Democrats accuse the Republicans of pushing spending cuts that are harmful, and of pressing their own social agenda to the must-pass spending bill.

Democrats insist the talks are progressing normally - and that Republicans are simply posturing for Tea Party members demanding big cuts.

"Tea Party Republicans refuse to recognize that their budget is simply an appalling proposal," said Senate Majority Leader Harry Reid, D-Nev.

Sen. Chuck Schumer, D-N.Y., told the National Review, "We take it for granted that because of the intense political pressure being applied by the Tea Party, the Speaker needs to play an outside game as well as an inside game. As long as he continues to negotiate, it's OK by us if he needs to strike a different pose publicly."

Failure to reach a deal for the rest of this budget year (which ends on Sept. 30) could lead to a partial shutdown of the government when spending authority expires at midnight on Friday.

Appearing on CBS' "The Early Show" this morning, House Budget Committee Chairman Paul Ryan, R-Wis., insisted that the GOP-run House was prepared to pass a budget bill for the rest of the year, and that it was the Democratic-run Senate that was holding things up: "We will pass it out of the House; the question is whether the Harry Reid Senate will pass it or not.

Nearly six weeks ago, the House passed a bill calling for $61 billion in cuts in discretionary spending for the remainder of the year. Senate Democrats balked and never took up the measure.

Instead both houses of Congress have passed two short-term spending laws to keep government running, while cutting $10 billion out of this year's budget. That appropriation runs out Friday.

"We're not looking for a shutdown," Ryan told anchor Erica Hill. "We're looking for a down payment on budget reduction. The Senate is yet to pass a single bill to prevent a government shutdown."

On a separate matter - but one looming over this week's negotiations for the 2011 budget - is the Republican plan being unveiled Tuesday that mixes spending cuts in virtually all areas with tax breaks for corporations and a fundamental restructuring of Medicare and Medicaid.

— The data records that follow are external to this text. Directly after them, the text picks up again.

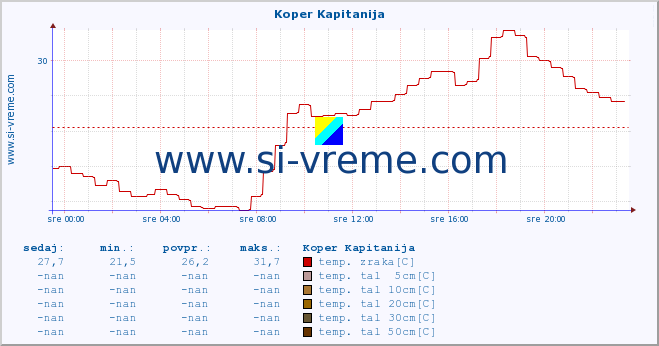 POVPREČJE :: Koper Kapitanija :: temp. zraka | vlaga | smer vetra | hitrost vetra | sunki vetra | tlak | padavine | sonce | temp. tal  5cm | temp. tal 10cm | temp. tal 20cm | temp. tal 30cm | temp. tal 50cm :: zadnji dan / 5 minut.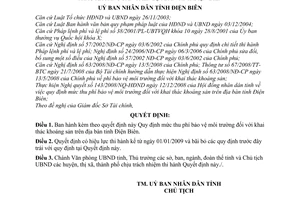 Quyết định 20/2008/QĐ-UBND Quy định mức thu phí bảo vệ môi trường khai thác khoáng sản trên địa bàn tỉnh Điện Biên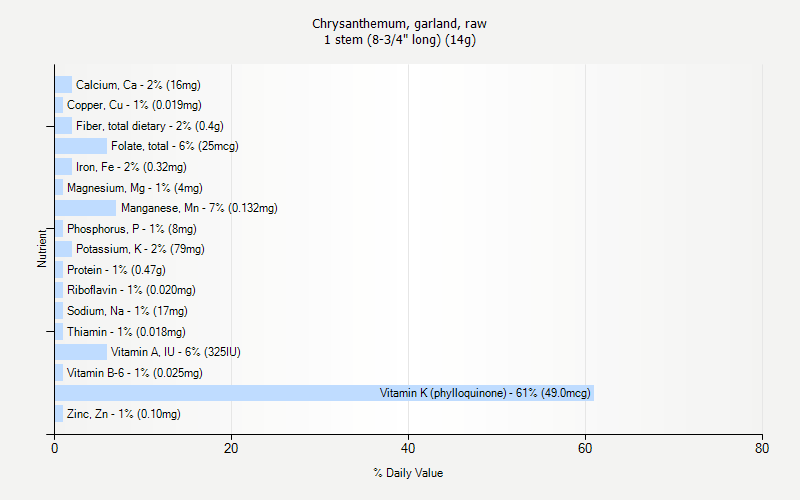 % Daily Value for Chrysanthemum, garland, raw 1 stem (8-3/4" long) (14g)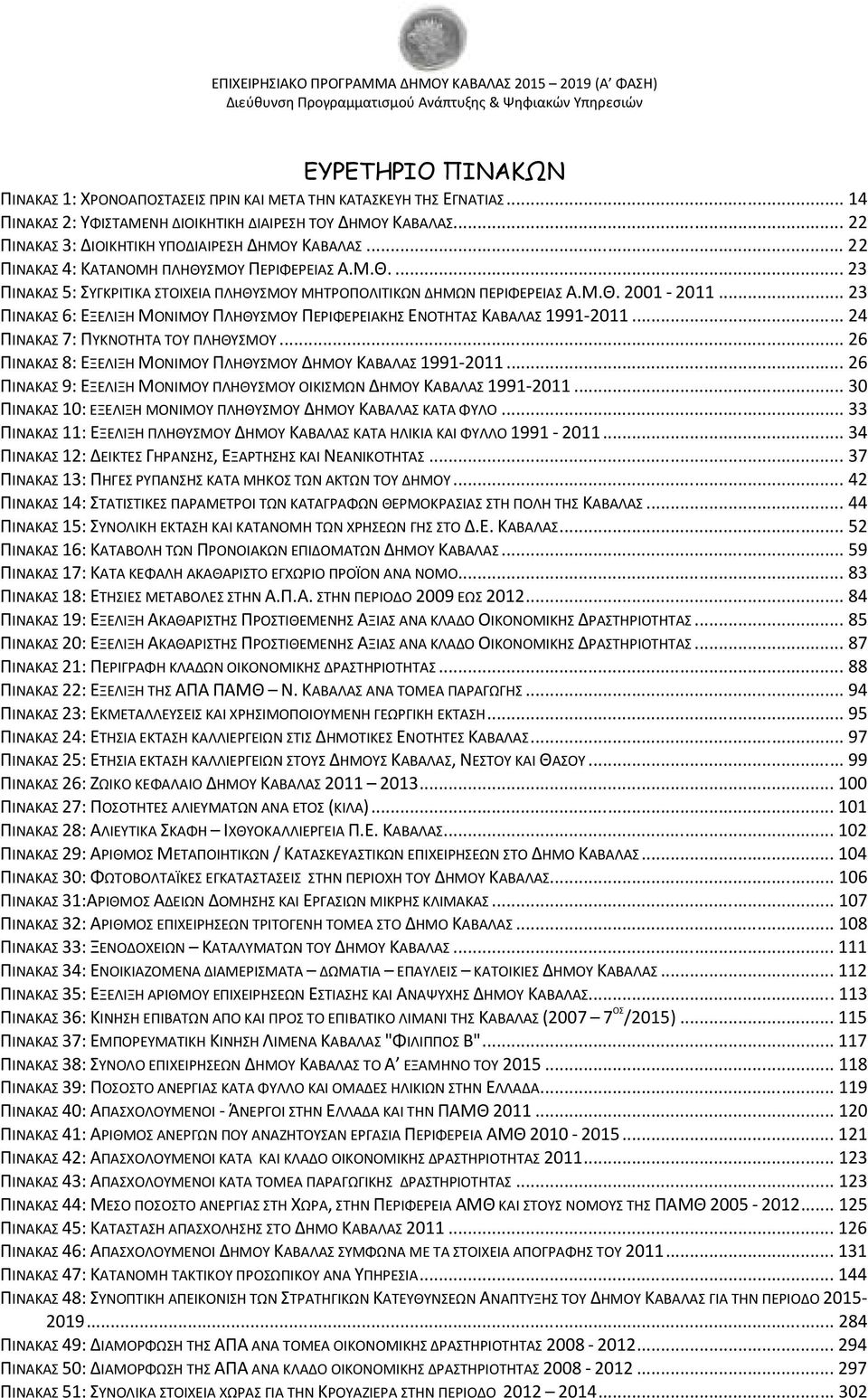 .. 23 ΠΙΝΚΣ 6: ΕΞΕΛΙΞΗ ΜΟΝΙΜΟΥ ΠΛΗΘΥΣΜΟΥ ΠΕΡΙΦΕΡΕΙΚΗΣ ΕΝΟΤΗΤΣ ΚΒΛΣ 1991-2011... 24 ΠΙΝΚΣ 7: ΠΥΚΝΟΤΗΤ ΤΟΥ ΠΛΗΘΥΣΜΟΥ... 26 ΠΙΝΚΣ 8: ΕΞΕΛΙΞΗ ΜΟΝΙΜΟΥ ΠΛΗΘΥΣΜΟΥ ΔΗΜΟΥ ΚΒΛΣ 1991-2011.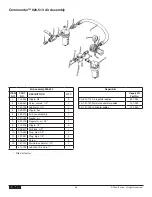 Preview for 28 page of Titan SPEEFLO Admiral 830-331 Owner'S Manual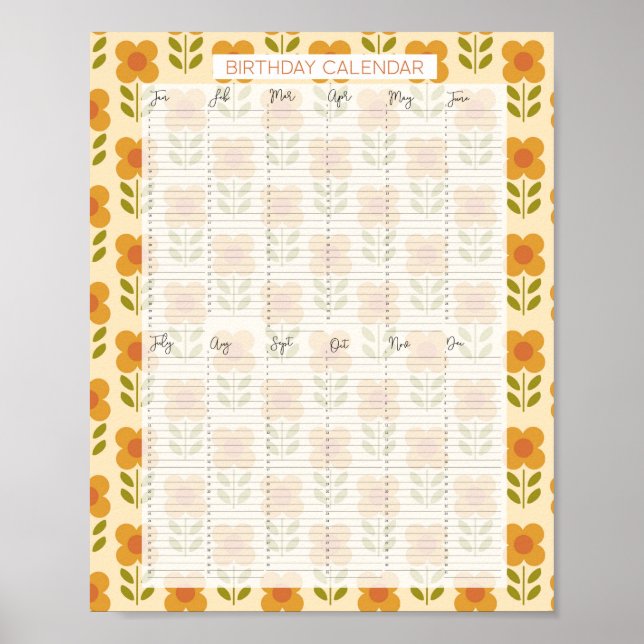 Perpetual Evergreen födelsedagskalender Kathrin Le Poster (Framsidan)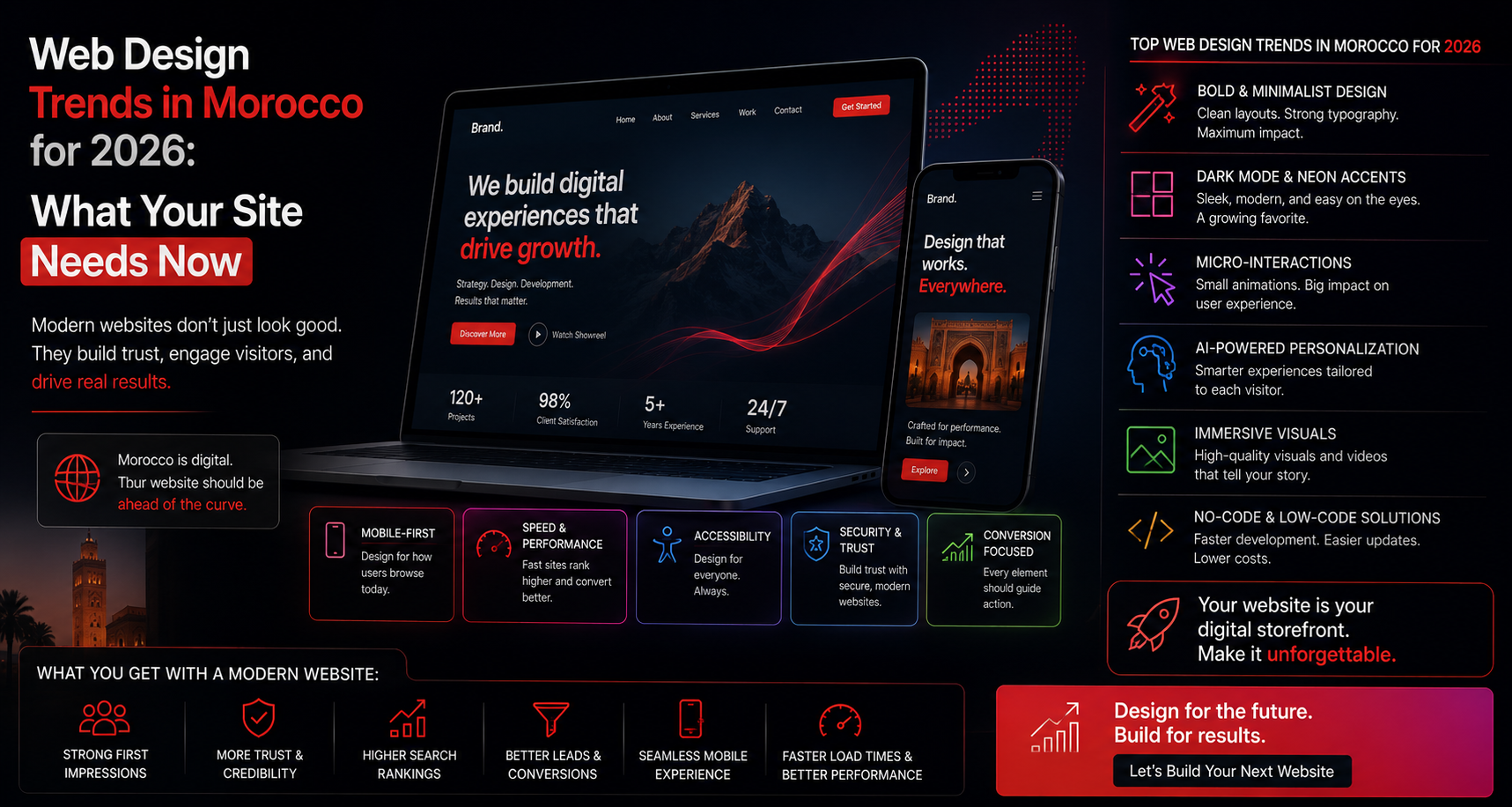 Web Design Trends in Morocco for 2026: What Your Site Needs Now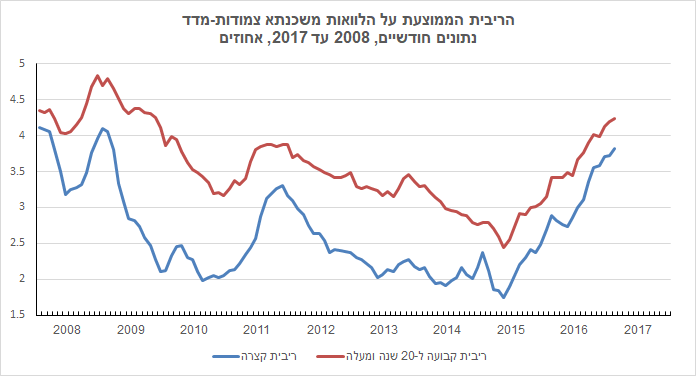 הריבית הממוצעת על הלוואות משכנתא צמודות מדד - גרף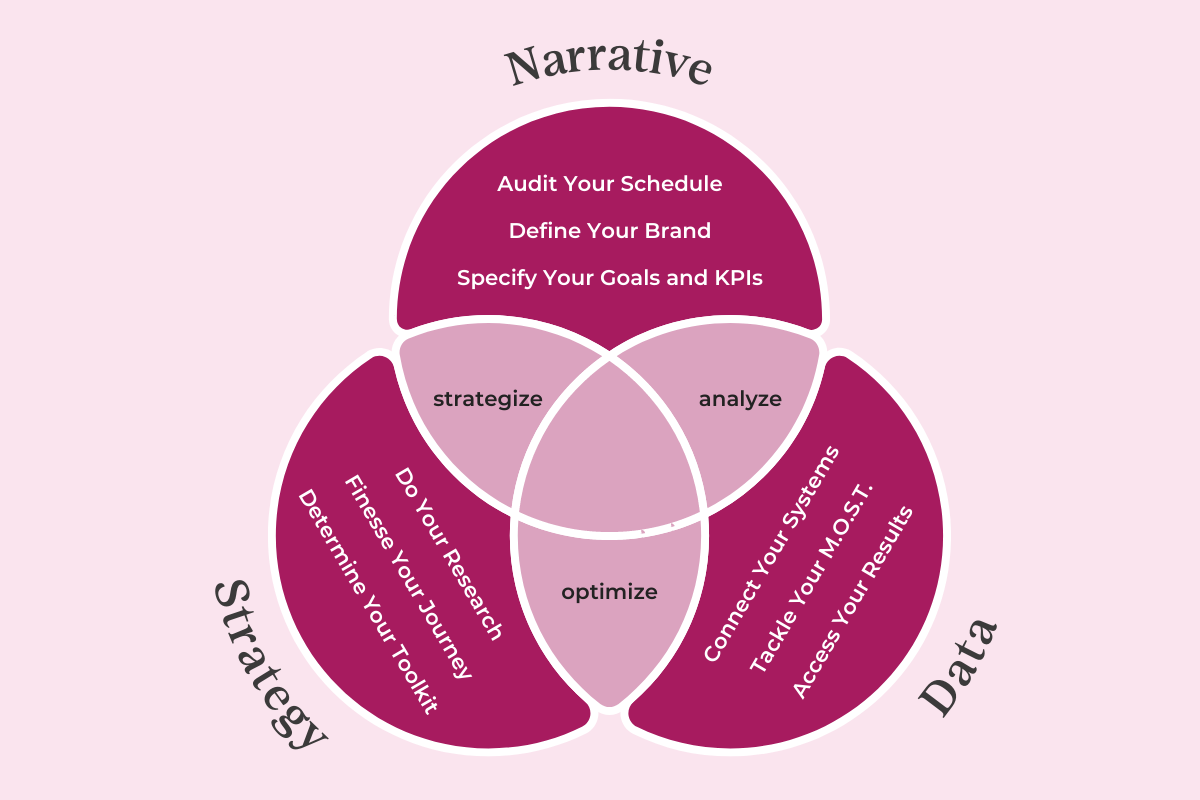 Use Your Marketing Strategy to Develop a Holistic Narrative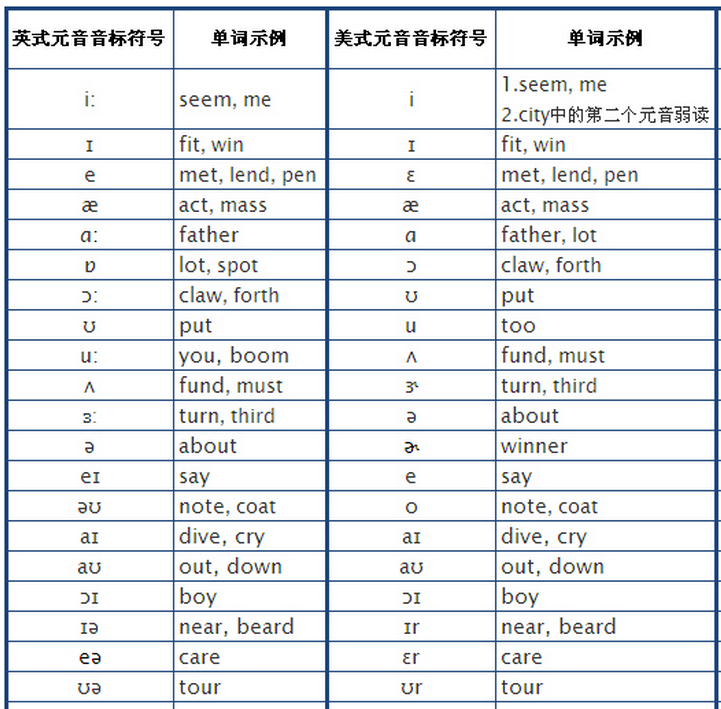美式英語發音標註與英式英語發音標註應該如何區分有沒有類似的區分表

In a new Wall Street Journal op-ed, Ryan claims his plan would slash $6.5 trillion from the president's budget over the next ten years.

Part of his plan is to overhaul Medicare by slowly replacing the government health plan for seniors with government subsidies for private health care plans - what Ryan says are not vouchers but "Medicare premium-support payments" - that may not cover the full cost.

Republicans also propose to sharply cut projected spending on the Medicaid state-federal health program for the poor and disabled and transform it into a block grant program that gives governors far less money than under current estimates but considerably more flexibility.

On "The Early Show: Ryan said governors are requesting the change: "We're getting letters from dozens about this," he said. "Medicaid is breaking right now. It's going insolvent. ... It's unsustainable and it ends up giving people second class health care, not getting good access to good care."

The budget proposal would also lower the corporate tax rate.

Citing a study by the conservative Heritage Center for Data Analysis, Ryan says the GOP plan will create more than a million private-sector jobs next year and lower the unemployment rate to 4 percent by 2015.

Spending on domestic programs would be returned to levels at or below 2008 levels. Despite the proposed cuts, Ryan's plan would not balance the budget by the end of the decade, as it promises not to raise taxes and not to change federal retirement benefits for people age 55 and older.